▸ Task objective: Give an exact reproduction of the lines from the one with "Couple conquer challenging" to the final line of the entries below, both ends included, and omit the pictures.

▸ Dataset extract:
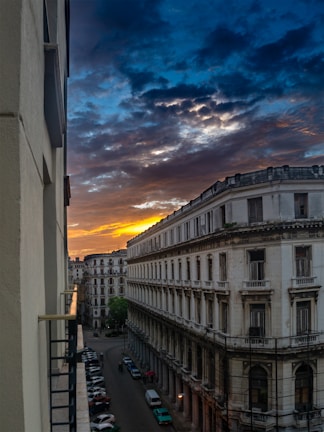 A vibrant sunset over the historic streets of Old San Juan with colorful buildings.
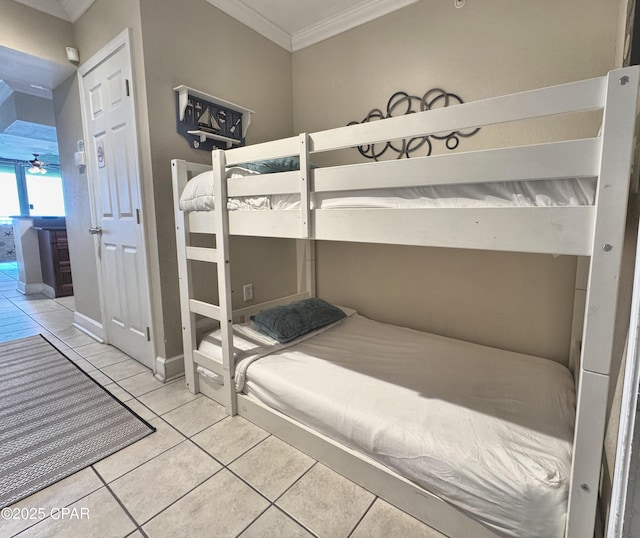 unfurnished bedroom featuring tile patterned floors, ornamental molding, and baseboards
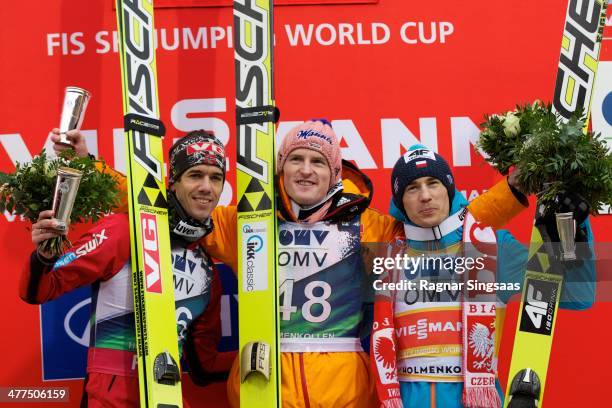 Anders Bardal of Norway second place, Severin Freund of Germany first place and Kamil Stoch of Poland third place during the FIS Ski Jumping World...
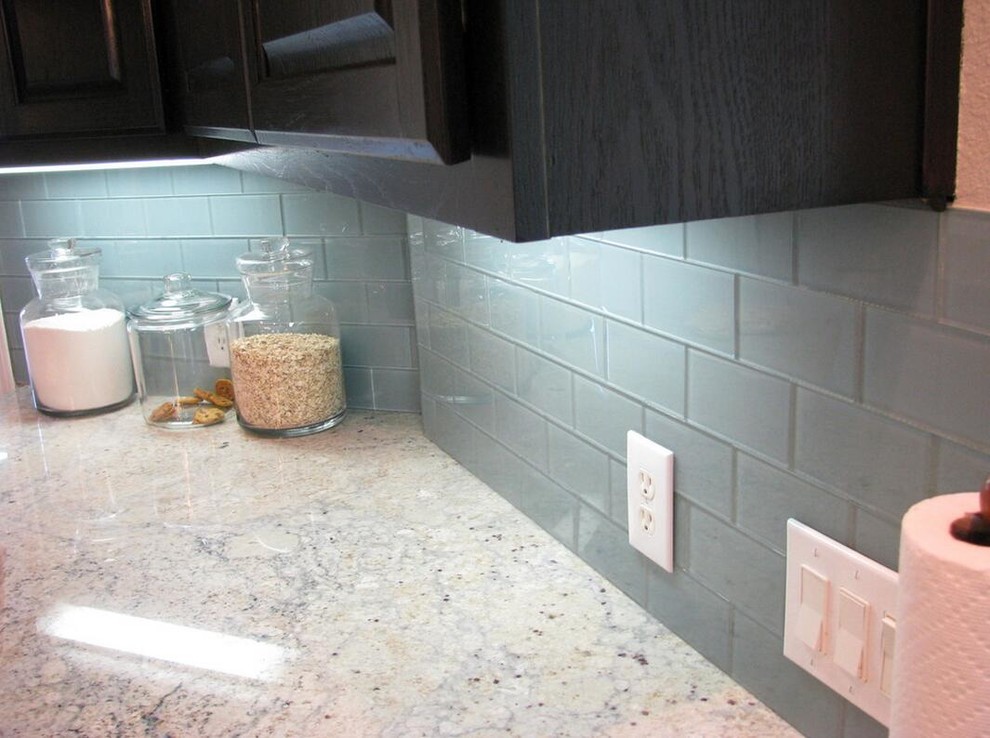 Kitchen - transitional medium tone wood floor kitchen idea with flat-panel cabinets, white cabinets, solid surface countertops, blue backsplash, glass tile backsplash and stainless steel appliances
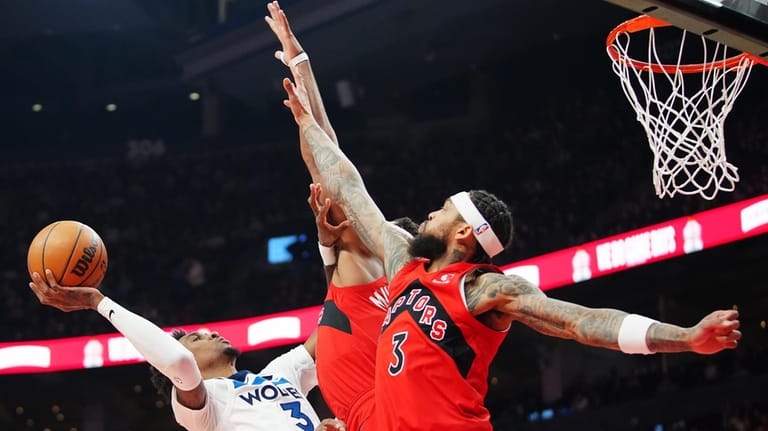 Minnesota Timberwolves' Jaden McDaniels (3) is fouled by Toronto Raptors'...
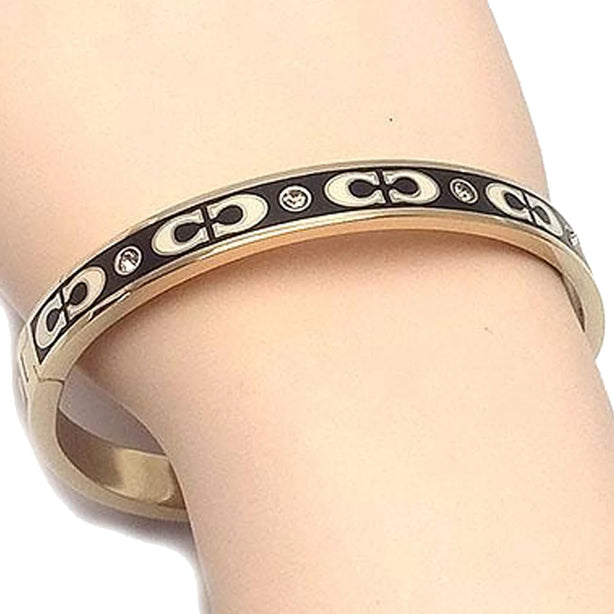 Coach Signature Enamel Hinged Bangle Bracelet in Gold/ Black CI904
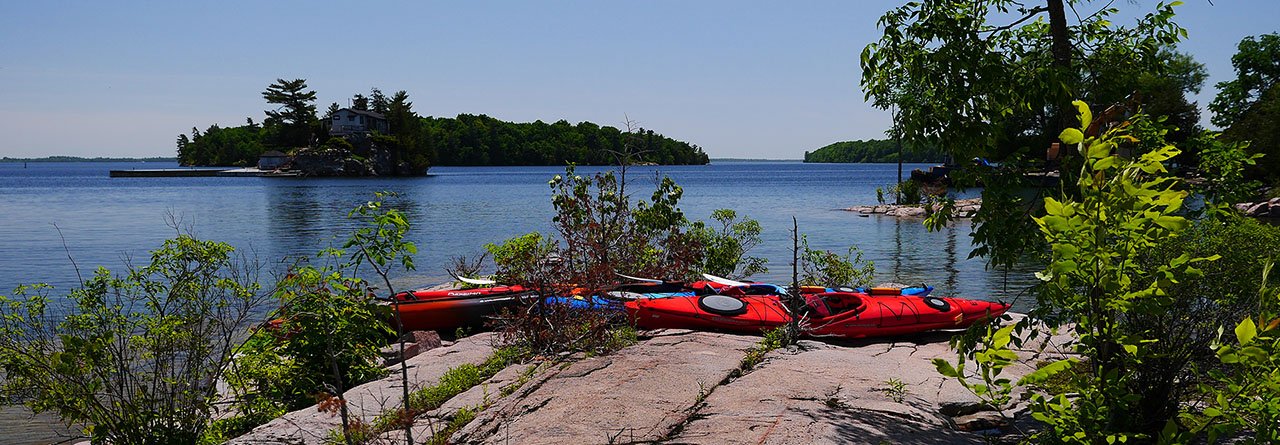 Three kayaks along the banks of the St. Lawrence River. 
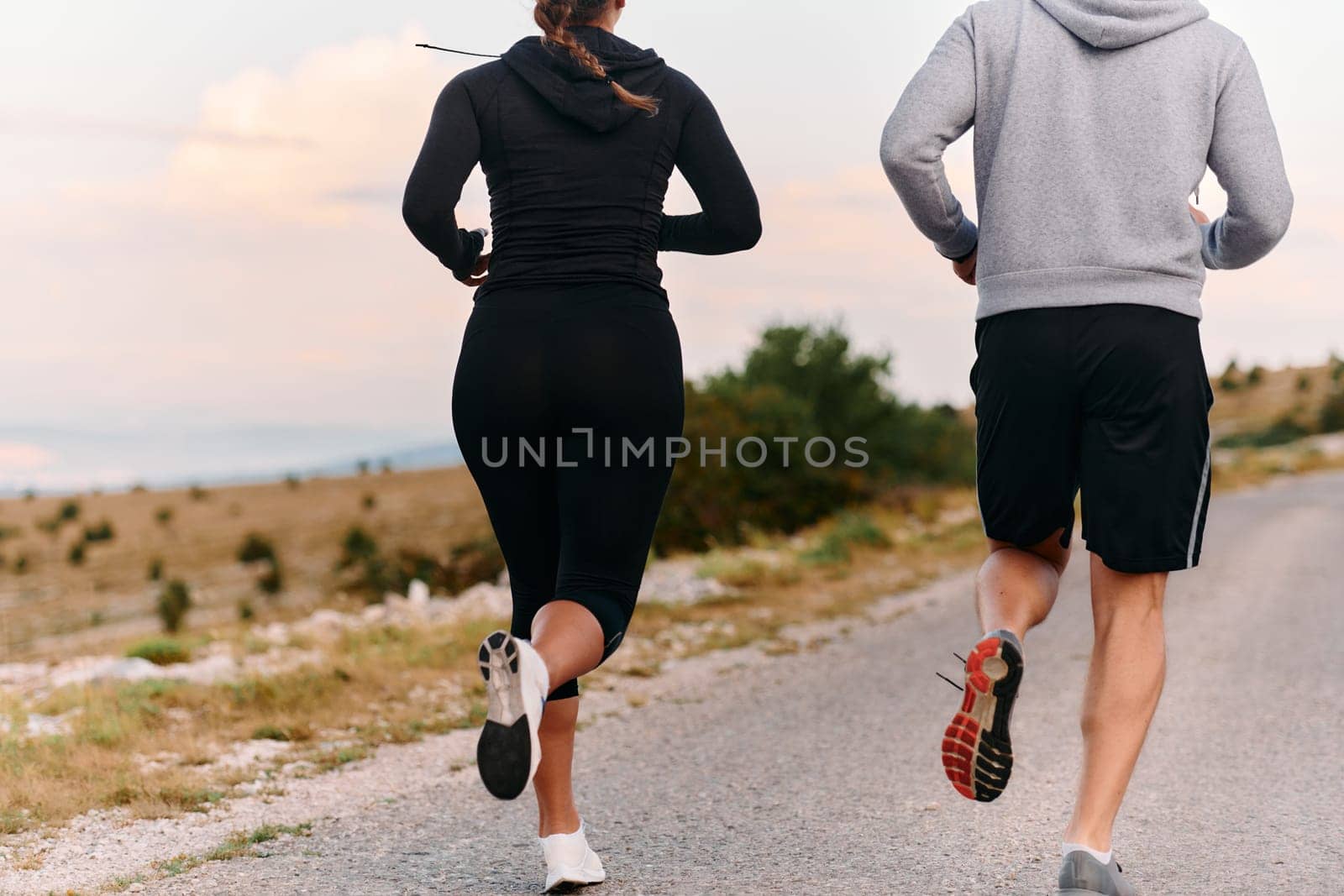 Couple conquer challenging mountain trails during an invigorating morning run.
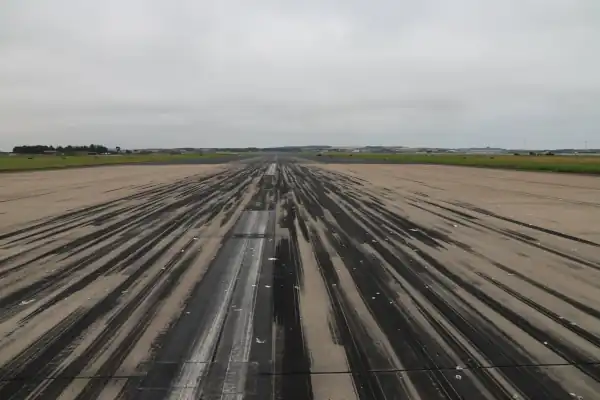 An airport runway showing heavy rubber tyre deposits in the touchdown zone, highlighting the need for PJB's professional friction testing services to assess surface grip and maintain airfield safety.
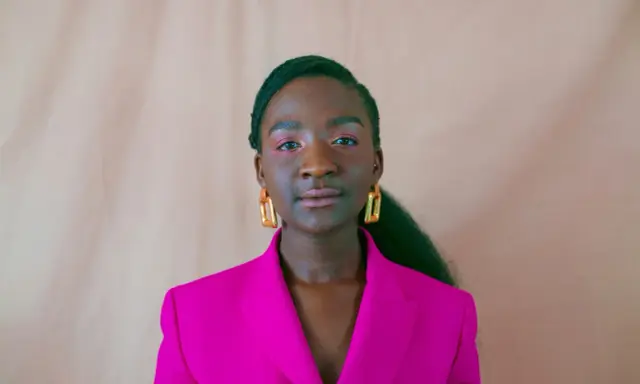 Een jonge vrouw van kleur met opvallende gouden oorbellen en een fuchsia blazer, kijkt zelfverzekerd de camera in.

▸ Response:
 Couple conquer challenging mountain trails during an invigorating morning run.
 An airport runway showing heavy rubber tyre deposits in the touchdown zone, highlighting the need for PJB's professional friction testing services to assess surface grip and maintain airfield safety.
 Een jonge vrouw van kleur met opvallende gouden oorbellen en een fuchsia blazer, kijkt zelfverzekerd de camera in.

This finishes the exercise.